Research Interests and Expertise

  • The architecture of home-based work, especially the building type that combines dwelling and workplace [‘workhome’]
  • Home-based work as a regenerative force in urban, suburban and rural areas
  • Urban form/ design for home-based work
  • Governance frameworks for employment and housing [especially in relationship to dual-use buildings]
  • Social and environmental issues relating to home-based work and travel to work

Dr Frances Holliss is an architect and an academic. Her particular research interest is in the architecture of home-based work.

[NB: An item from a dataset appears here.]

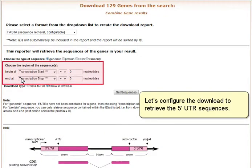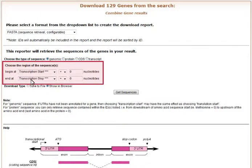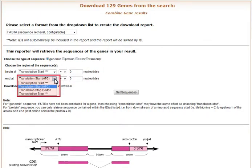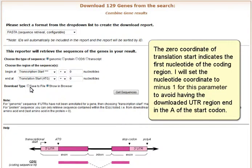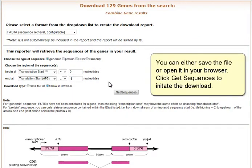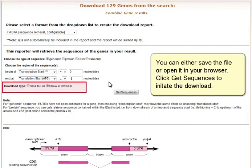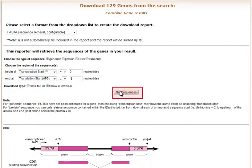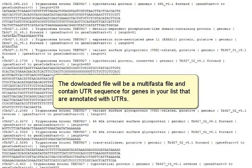Let's configure the download to retrieve the 5' UTR sequences. The zero coordinate of translation start indicates the first nucleotide of the coding region. I will set the nucleotide coordinate to minus 1 for this parameter to avoid having the downloaded UTR region end in the A of the start codon. You can either save the file or open it in your browser. Click Get sequences to initiate the download. The downloaded file will be a multi-FASTA file and contain UTR sequence for genes in your list that are annotated with UTRs.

In 2007 she completed a doctorate in which she identified the building that combines dwelling and workplace as an old but little researched or written about building type. She established the existence of this building type by tracing its history from medieval times to the present day in England. Through a close scrutiny of the lives and premises of 76 home-based workers, in urban, suburban and rural contexts in England, she developed a series of typologies and a wide range of design recommendations for workhomes.

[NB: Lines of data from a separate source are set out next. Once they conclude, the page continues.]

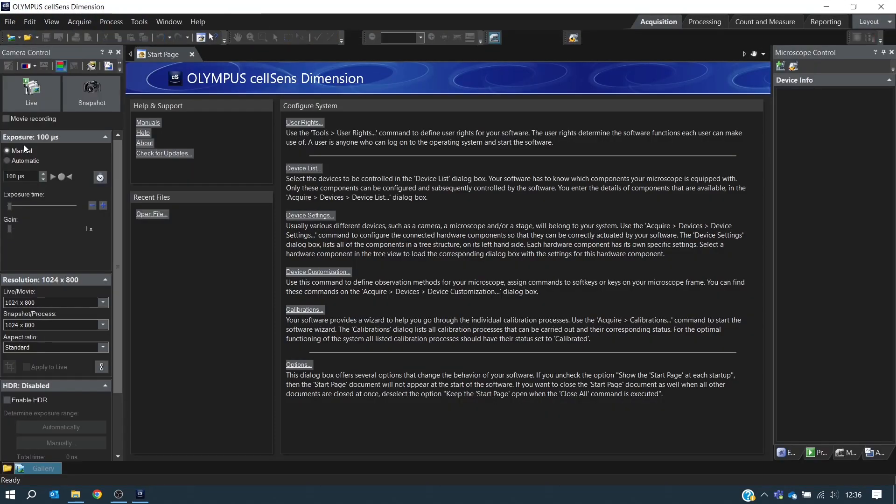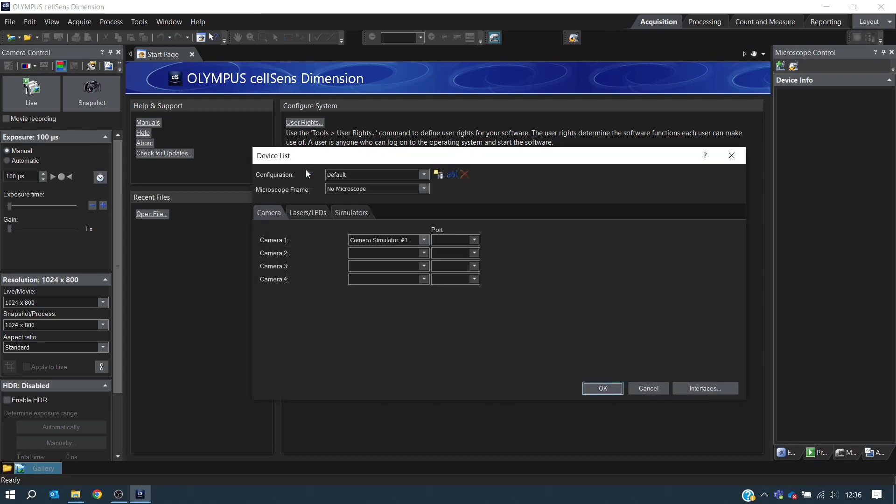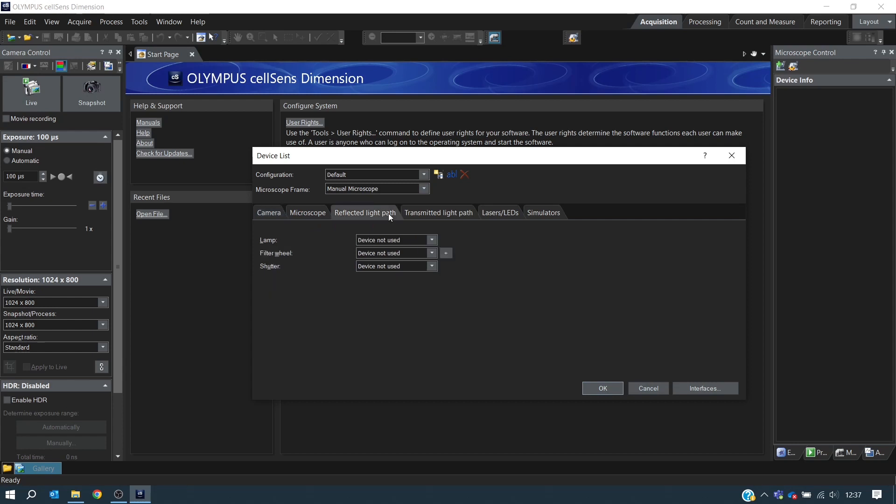To add the PE4000 to CellSense, navigate to Device List. In this case, we are using a manual microscope, and this now presents options for the reflected light path. Click this. And under Lamp, we select the Cool-LED PE4000.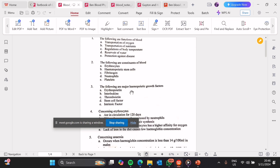Number three: the following are major hematopoietic growth factors. From the word 'hema' meaning blood, hematopoietic growth factors help in the formation of blood cells. These include: A, erythropoietin — true, it helps us form red blood cells. B, interleukins — true, some interleukins help us to form platelets. C, thrombopoietin — very true. Thrombopoietin helps in the lineage which forms platelets. Platelets are formed from megakaryocytes, and for us to form megakaryocytes, we need thrombopoietin.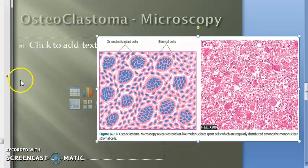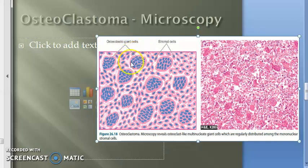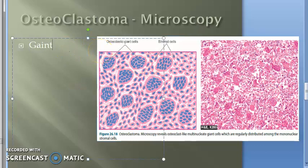The hallmark features of giant cell tumor are the presence of large numbers of multi-nucleate osteoclast-like giant cells regularly scattered throughout the stromal mononuclear cells. Here you can see the osteoclast giant cells — osteoclasts destroy bone. So there are multi-nucleate osteoclast-like giant cells scattered throughout the stromal mononuclear cells.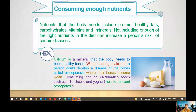Next, we have consuming enough nutrients. The nutrients the body needs include protein, healthy fats, carbohydrates, vitamins, and minerals. Not including enough of the right nutrients in your diet can increase a person's risk of certain diseases. For example, calcium is a mineral that the body needs to build healthy bones. Without enough calcium, a person could develop a bone disease called osteoporosis, where the bones become weak. Consuming enough calcium-rich foods such as milk, cheese, and yogurt helps to prevent osteoporosis.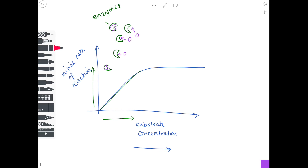As you increase the substrate concentration further, the additional substrate molecules will go and bind to the free active sites, so we see an increase in the rate of reaction. You'll see your maximum rate of reaction when your substrate concentration and enzyme concentrations are pretty much equal.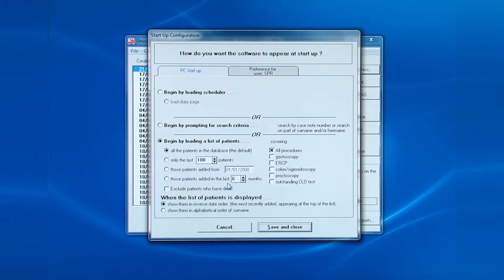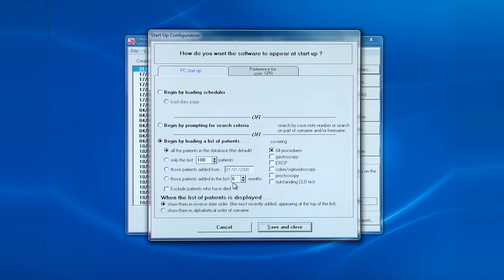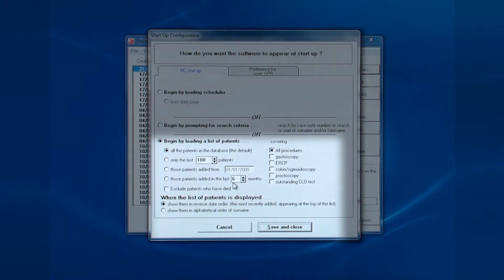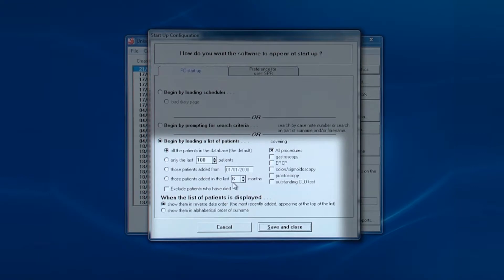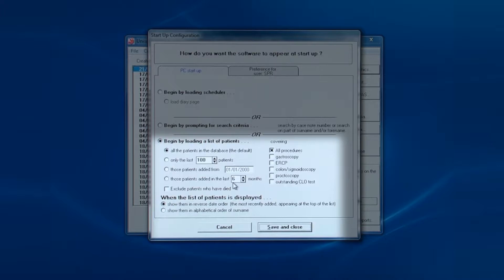Now there are three main options for determining how the software starts up. The default is by loading the list of patients for all procedures, with the most recent downloaded at the top of the list. You can change these defaults so that, for example, they only display the last so many patients, or those added since a certain date, or those added in the last so many months.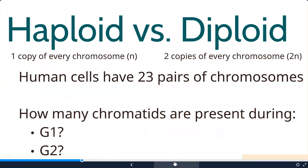Two key terms: diploid means two copies of every chromosome. Humans have 23 pairs, so 2 × 23 = 46 chromosomes total. Haploid means one copy of every chromosome. Eggs (ova) and sperm (spermatozoa) are haploid - they have only 23 chromosomes each. Every other cell in our bodies, with the exception of red blood cells (which have no nucleus), is diploid and has 46 chromosomes.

Dr Holliss was awarded a £187,000 Knowledge Transfer Fellowship by the Arts and Humanities Research Council in 2008. The project, which runs from February 2009 for two years, is to create an open access on-line design guide for buildings that combine dwelling and workplace, through the design of a series of exemplary buildings. It will also result in an on-line pattern book for workhomes.

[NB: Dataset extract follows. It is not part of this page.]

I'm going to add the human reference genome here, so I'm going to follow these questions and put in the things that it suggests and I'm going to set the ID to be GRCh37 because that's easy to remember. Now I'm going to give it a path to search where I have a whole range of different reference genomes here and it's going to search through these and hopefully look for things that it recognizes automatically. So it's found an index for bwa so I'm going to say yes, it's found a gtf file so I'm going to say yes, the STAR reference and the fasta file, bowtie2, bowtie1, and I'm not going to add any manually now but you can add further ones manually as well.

Current/recent projects and awards

2007 PhD ‘The workhome… a new building type?’ London Metropolitan University
2008 Daiwa Anglo-Japanese Foundation Small Grant [to make a visit to Japan to investigate the architecture of home-based work]
2008 AHRC Knowledge Transfer Fellowship: ‘Designing the workhome, from theory to practice’

Publications

Journal articles
2008 ‘Beyond Live/work’, Planning in London, Issue 67 Oct-Dec 2008

Books/ Chapters
2009 [forthcoming] ‘From longhouse to live/work unit; parallel histories and absent narratives’ [paper given at Society of Architectural Historians of Great Britain Symposium 2008, in process of publication]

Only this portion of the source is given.